John Angelo Benson (born 1971 in London, England; lives and works in London).
A series of reformatted staples of modernist furniture, but with their practical components replaced by uncomfortable and dangerous elements. Le Corbusier’s Grand Confort chair, for example, is made of straw.
“On the border between art and design, Benson upholds the tubular chrome steel structure and the original cubic shape, replacing leather components with an unusual material, straw. With humour, Benson seems to undermine the architectural thinking of Le Corbusier, but paradoxically when he undresses the chair he emphasizes its skeleton and structure in a deconstruction process that leads us to the rethinking of the main modern principles.
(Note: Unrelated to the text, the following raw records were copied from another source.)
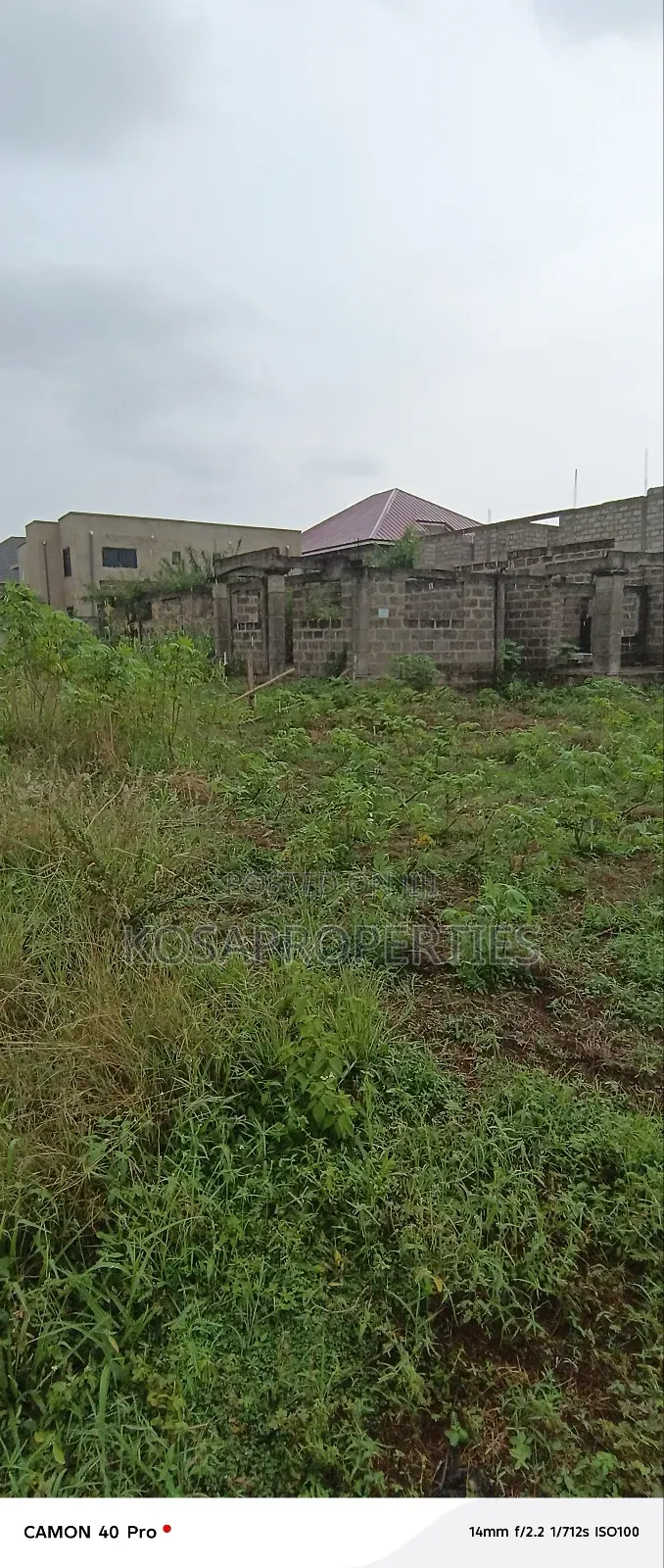 4bdrm House in East Legon Hills, Tema Metropolitan for sale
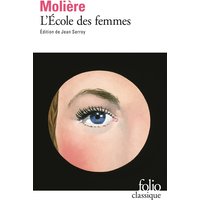 L'école des femmes
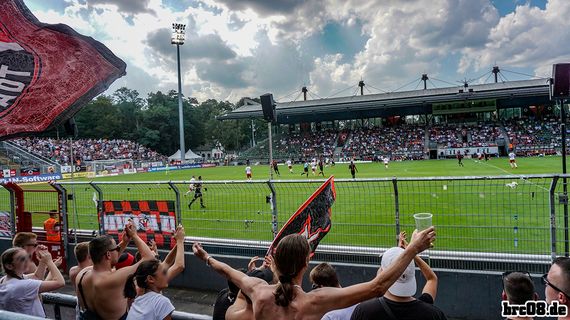 Viktoria Köln vs FC Ingolstadt 04 (3-0) (7)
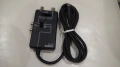 Адаптор SANYO VRF-700, снимка 1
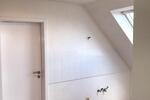 Dachgeschoßwohnung Dortmund Hörde - 1.5 Zimmer, 43 m&sup2;, 129.000&euro; | Angebot:27474940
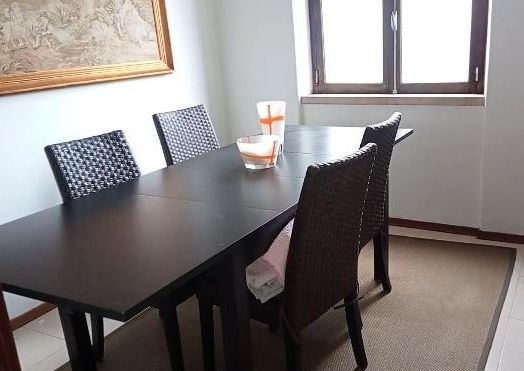 Arrendo quarto Coimbra rua Antonio Jose de Almeida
Although it may be seen as an iconoclast gesture, ‘Naked Confort’ highlights the value of the original piece by reinterpreting it. In his ‘Corrupted Classics Collection’ Benson also works with the Red-Blue chair by Gerrit Rietveld and the Barcelona chair by Mies van der Rohe and Lilly Reich to create ‘Red and Blue, but clear’ and ‘Mies Lobby Trap.’ The choice is categorically incisive because he picks from our collective memory three classics of modern design which are universally recognized. Or we know the original works or we will not be able to interpret Benson’s pieces. With that he makes us more aware of the timeliness of these icons, especially when our material culture has transformed them into appealing images widely reproduced and consumed, with a series of copies, reproductions and re-editions distancing themselves from the modern original. Ultimately, the result is a reflection on our own memory of the modern, its significance for society, heritage and cultural importance.”
—Bárbara Coutinho, “Why Preserve Modern Now?,” Do.co.mo.mo Journal 46, no. 1 (2012): 6.